■ Exercise ■
When you reach the line in the listing below that contains "Snapshot of kevlooking4sez", begin returning lines exactly as written, and stop after the line that contains "Bebirgu Palazzino Luxury". Return no other lines.

-----

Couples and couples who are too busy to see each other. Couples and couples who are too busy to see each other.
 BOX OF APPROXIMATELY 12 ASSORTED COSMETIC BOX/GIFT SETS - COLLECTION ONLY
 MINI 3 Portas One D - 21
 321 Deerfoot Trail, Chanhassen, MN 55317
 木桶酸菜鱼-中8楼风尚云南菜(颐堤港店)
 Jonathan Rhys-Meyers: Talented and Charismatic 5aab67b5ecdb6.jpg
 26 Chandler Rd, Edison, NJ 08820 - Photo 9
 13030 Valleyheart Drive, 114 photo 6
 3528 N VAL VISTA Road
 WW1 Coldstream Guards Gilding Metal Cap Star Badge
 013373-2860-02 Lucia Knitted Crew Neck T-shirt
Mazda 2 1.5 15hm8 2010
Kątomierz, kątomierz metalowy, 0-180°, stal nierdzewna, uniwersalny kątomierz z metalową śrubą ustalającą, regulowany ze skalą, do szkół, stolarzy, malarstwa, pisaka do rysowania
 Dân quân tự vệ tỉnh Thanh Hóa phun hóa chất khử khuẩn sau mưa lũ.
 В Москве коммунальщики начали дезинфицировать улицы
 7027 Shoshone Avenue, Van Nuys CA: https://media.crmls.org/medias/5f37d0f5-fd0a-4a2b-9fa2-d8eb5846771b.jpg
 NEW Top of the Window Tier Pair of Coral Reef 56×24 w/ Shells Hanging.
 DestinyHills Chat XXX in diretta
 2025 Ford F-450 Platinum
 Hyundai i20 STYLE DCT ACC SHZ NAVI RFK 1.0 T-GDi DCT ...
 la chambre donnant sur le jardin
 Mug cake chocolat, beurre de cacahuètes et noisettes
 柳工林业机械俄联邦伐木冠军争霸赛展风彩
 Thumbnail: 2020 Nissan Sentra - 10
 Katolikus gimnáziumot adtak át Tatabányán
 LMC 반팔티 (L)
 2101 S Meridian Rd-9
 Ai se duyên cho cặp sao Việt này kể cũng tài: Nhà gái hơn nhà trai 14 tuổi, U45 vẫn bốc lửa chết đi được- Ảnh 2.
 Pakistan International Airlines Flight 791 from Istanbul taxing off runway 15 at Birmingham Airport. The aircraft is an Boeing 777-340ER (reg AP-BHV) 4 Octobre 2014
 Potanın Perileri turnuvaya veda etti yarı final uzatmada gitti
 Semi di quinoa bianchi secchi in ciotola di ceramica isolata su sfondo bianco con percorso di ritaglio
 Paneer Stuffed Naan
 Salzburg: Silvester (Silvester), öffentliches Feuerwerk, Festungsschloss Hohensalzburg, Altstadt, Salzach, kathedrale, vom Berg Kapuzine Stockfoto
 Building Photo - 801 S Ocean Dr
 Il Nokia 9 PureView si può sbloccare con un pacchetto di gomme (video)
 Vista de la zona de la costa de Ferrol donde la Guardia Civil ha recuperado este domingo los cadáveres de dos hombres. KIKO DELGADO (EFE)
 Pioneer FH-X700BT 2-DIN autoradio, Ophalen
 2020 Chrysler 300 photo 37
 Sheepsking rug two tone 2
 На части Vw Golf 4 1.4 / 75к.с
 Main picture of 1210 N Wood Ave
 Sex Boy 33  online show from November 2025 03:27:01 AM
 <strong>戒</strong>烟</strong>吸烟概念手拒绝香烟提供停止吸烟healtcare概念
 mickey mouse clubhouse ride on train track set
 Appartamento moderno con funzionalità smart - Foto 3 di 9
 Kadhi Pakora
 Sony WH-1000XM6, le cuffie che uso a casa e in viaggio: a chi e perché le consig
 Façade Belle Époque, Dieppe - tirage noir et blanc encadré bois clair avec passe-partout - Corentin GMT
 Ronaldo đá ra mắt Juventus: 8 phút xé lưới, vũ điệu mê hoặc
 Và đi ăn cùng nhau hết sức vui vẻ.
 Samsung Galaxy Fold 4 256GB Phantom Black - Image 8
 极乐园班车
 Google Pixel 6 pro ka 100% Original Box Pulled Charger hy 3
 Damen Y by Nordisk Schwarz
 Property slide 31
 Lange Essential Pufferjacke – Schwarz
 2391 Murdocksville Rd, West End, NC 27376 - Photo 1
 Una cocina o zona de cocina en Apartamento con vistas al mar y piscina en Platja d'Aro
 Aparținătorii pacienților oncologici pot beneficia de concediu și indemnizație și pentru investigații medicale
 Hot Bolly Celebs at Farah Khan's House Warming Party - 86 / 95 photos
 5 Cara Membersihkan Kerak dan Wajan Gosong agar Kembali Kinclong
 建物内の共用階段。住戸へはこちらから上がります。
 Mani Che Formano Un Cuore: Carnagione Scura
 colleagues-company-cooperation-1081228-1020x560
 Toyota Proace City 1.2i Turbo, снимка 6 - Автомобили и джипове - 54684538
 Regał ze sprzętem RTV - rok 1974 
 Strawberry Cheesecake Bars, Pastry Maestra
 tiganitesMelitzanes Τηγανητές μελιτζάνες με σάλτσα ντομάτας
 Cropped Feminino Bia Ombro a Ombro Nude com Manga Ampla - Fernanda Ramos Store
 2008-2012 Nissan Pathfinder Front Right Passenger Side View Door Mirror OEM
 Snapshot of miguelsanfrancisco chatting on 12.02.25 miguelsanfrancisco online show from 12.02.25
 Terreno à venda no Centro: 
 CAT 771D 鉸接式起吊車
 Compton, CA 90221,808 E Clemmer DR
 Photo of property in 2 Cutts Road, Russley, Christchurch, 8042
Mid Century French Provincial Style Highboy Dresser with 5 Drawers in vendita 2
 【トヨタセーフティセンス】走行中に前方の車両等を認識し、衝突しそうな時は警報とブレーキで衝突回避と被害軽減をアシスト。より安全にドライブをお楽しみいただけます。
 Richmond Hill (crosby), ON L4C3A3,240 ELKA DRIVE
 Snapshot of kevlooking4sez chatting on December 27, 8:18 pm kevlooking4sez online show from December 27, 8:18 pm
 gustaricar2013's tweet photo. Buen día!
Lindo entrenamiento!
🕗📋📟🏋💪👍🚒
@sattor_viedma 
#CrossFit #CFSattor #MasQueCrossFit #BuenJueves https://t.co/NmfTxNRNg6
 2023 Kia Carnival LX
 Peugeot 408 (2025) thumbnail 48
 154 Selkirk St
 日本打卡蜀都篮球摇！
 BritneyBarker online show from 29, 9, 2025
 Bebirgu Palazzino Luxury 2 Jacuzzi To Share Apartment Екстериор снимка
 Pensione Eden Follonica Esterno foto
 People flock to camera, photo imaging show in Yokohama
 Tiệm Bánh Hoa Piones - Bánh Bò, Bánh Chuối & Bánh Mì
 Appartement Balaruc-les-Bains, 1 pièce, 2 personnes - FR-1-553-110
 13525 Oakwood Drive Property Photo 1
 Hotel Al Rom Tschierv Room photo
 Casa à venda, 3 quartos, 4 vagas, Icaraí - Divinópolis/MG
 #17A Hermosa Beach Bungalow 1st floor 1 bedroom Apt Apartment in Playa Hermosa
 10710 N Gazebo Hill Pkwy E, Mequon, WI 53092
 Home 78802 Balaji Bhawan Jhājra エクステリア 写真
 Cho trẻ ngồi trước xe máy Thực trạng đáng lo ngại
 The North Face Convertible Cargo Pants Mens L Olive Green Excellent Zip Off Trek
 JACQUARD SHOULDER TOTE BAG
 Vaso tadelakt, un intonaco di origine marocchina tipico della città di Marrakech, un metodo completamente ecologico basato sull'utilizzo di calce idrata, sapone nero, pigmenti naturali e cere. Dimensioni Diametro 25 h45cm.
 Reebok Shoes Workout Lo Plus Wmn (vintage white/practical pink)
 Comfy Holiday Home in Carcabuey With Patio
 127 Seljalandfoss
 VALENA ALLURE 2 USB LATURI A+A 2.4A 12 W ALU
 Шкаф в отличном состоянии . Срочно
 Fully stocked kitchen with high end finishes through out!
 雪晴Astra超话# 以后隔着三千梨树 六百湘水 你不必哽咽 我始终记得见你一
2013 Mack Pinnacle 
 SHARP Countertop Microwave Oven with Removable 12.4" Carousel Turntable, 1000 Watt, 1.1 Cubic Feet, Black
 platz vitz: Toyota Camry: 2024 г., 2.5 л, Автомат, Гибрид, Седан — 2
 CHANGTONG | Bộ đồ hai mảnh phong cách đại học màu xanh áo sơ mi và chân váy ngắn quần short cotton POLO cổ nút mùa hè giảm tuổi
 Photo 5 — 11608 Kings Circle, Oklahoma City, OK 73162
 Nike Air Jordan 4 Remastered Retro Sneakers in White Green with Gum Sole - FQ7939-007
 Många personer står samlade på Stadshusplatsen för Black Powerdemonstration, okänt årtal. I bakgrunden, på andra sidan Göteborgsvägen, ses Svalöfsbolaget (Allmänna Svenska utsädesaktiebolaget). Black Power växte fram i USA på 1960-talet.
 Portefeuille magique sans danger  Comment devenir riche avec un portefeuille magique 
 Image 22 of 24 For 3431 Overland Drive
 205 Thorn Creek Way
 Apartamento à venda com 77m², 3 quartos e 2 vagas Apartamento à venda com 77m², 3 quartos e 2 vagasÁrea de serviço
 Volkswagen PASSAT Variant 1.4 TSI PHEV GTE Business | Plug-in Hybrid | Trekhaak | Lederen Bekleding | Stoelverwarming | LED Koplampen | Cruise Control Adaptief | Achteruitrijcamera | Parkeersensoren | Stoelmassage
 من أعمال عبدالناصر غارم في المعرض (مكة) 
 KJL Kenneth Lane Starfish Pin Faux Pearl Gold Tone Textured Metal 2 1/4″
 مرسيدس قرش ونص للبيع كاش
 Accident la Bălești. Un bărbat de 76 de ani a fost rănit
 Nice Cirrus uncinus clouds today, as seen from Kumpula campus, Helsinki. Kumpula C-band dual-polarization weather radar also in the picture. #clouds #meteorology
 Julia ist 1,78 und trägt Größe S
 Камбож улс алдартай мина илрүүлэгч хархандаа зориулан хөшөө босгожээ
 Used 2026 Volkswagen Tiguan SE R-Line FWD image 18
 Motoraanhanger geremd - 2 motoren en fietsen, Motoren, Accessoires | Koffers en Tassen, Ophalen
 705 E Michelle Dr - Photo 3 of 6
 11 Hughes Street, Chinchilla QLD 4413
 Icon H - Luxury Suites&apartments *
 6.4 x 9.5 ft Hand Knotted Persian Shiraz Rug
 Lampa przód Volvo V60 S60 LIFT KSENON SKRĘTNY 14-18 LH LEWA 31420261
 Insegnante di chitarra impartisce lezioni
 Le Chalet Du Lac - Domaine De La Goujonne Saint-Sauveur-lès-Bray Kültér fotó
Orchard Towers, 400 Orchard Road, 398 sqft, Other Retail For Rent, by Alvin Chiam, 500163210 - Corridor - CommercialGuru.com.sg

-----

■ Answer section ■
 Snapshot of kevlooking4sez chatting on December 27, 8:18 pm kevlooking4sez online show from December 27, 8:18 pm
 gustaricar2013's tweet photo. Buen día!
Lindo entrenamiento!
🕗📋📟🏋💪👍🚒
@sattor_viedma 
#CrossFit #CFSattor #MasQueCrossFit #BuenJueves https://t.co/NmfTxNRNg6
 2023 Kia Carnival LX
 Peugeot 408 (2025) thumbnail 48
 154 Selkirk St
 日本打卡蜀都篮球摇！
 BritneyBarker online show from 29, 9, 2025
 Bebirgu Palazzino Luxury 2 Jacuzzi To Share Apartment Екстериор снимка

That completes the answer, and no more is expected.